> **What is needed**
In the entries below, spot each line with the word "White" and copy it.

> **Given data**
<<<<

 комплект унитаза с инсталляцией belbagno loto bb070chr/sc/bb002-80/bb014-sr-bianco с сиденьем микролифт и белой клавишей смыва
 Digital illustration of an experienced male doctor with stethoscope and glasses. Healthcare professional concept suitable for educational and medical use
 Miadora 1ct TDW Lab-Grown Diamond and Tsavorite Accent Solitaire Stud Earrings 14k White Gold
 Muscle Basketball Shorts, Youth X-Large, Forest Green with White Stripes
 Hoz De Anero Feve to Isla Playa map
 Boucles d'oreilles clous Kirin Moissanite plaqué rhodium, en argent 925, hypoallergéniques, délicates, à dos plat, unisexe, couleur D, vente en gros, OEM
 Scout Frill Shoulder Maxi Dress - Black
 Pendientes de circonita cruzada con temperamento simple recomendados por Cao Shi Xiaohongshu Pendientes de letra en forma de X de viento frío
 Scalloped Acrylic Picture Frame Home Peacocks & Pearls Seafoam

>>>>
<<<<

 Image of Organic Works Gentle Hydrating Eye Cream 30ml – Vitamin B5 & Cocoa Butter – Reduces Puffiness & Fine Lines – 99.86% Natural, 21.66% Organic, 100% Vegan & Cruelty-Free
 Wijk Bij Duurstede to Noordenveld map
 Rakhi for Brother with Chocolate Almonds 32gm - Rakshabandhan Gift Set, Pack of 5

>>>>

> **Answer to the exercise**
 Miadora 1ct TDW Lab-Grown Diamond and Tsavorite Accent Solitaire Stud Earrings 14k White Gold
 Muscle Basketball Shorts, Youth X-Large, Forest Green with White Stripes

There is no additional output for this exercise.